中部地方では、名古屋・熱田・鳴海・大垣・さらに、岐阜の地にも、そういう仲間がおり、元禄期(一六八八~一七〇四)の岐阜俳壇の隆盛は、大垣に劣るものでなく、その中心は安川落梧であった。
落梧は、岐阜本町の人で、通称助右衛門といった。京都と取り引きする呉服小間物商で、屋号を萬屋という。岐阜屈指の富豪であり、一面すぐれた人格者で世の信望厚く、岐阜俳壇の大御所として、月々、俳筵(句会)を開いて蕉風の普及につとめた。
芭蕉の岐阜来遊も、落梧の度重なる鵜飼見物の招きに応じたものである。貞享五年(一六八八)六月、岐阜妙照寺の僧で俳人でもあった己百の案内で来岐し、 多くの岐阜俳人仲間の出迎えを受けて、妙照寺の奥書院に旅装を解いた。(現在、妙照寺に芭蕉滞在の部屋が残っている。岐阜市梶川町)
その挨拶句として、
宿りせむ あかざの杖になる日まで
を物された。
句意は、この家に泊って、あるじの己百の心をこめたもてなしで、とても居心地がよい。このままゆっくりと滞在させてもらいたいものだ。その気持は、いま、庭に小さい花をつけているあかざ(藜、一年生草木。茎は約一メートルに達する)が、秋になって背が高くなり、杖に用いることが出来るようになるまで、 ゆっくりと世話になっていたいものだといっている。親しみ深い、その人格の偲べる句である。
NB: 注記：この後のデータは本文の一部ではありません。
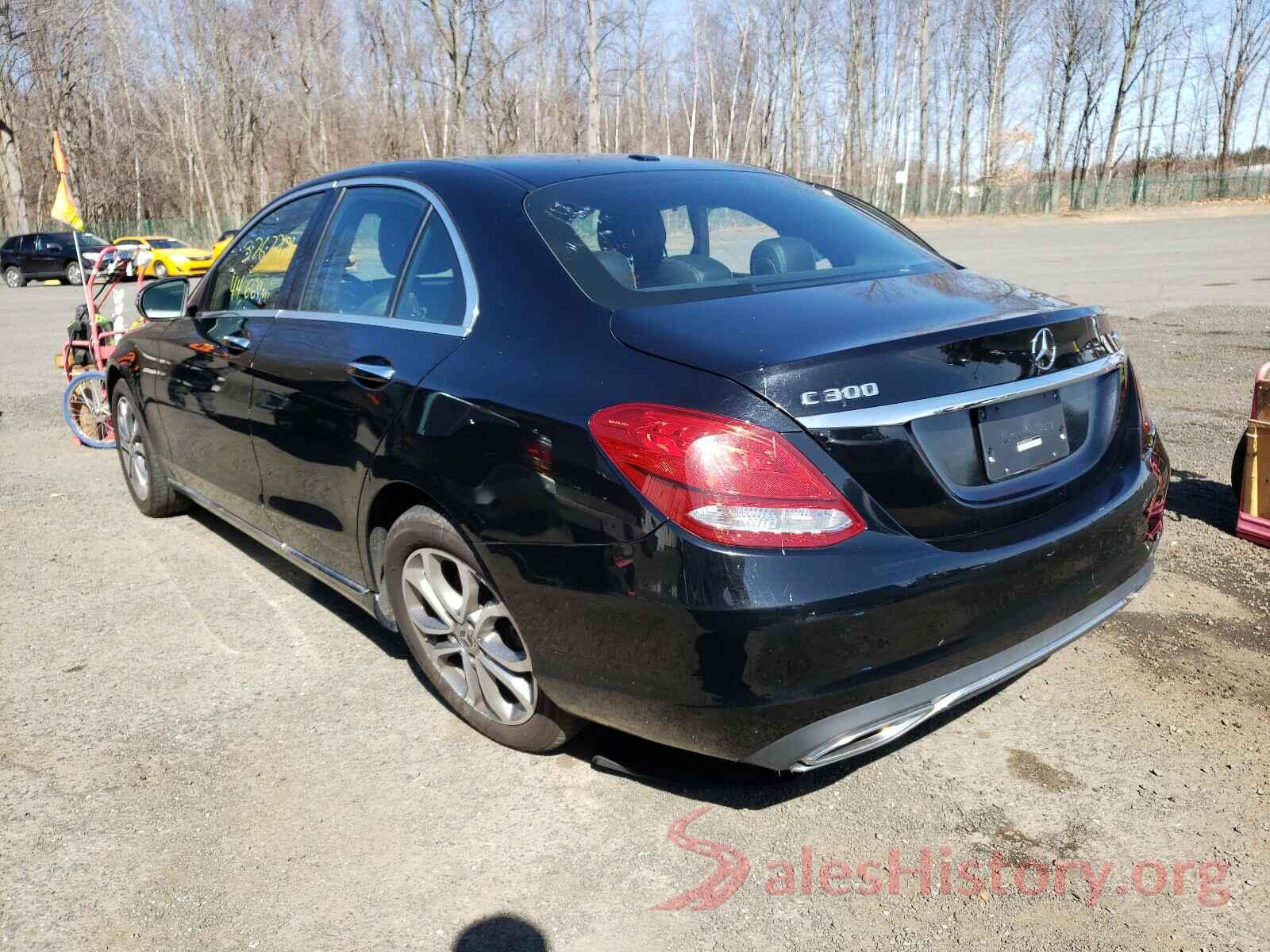 55SWF4KB3JU260795 2018 MERCEDES-BENZ C CLASS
岐阜滞在中、多くの俳人が芭蕉を招待した。まず、安川落梧亭に招かれ、この日名古屋から芭蕉を迎えにきた山本荷兮(名古屋の俳人、医者)と、当時流行の三つ物(俳諧の発句と脇句と第三句をいう)を試みた。
蔵かげの かたばみの花 めづらしや 荷兮
(折てやトモ)
ゆきてや 掃かむ庭に 箒木 落梧
七夕の 八月はものの 淋しくて 芭蕉
ついで、中川原新田(岐阜市湊町)の油屋、賀嶋善右衛門(俳号歩)の水楼(長良川に臨んだ高殿)で遊んだ。主人の求めに応じて楼名を選び、有名な「十八楼の記」を書いた。(現在、「十八楼」の一階ロビー壁面に、芭蕉の「十八楼の記」が展示してある。)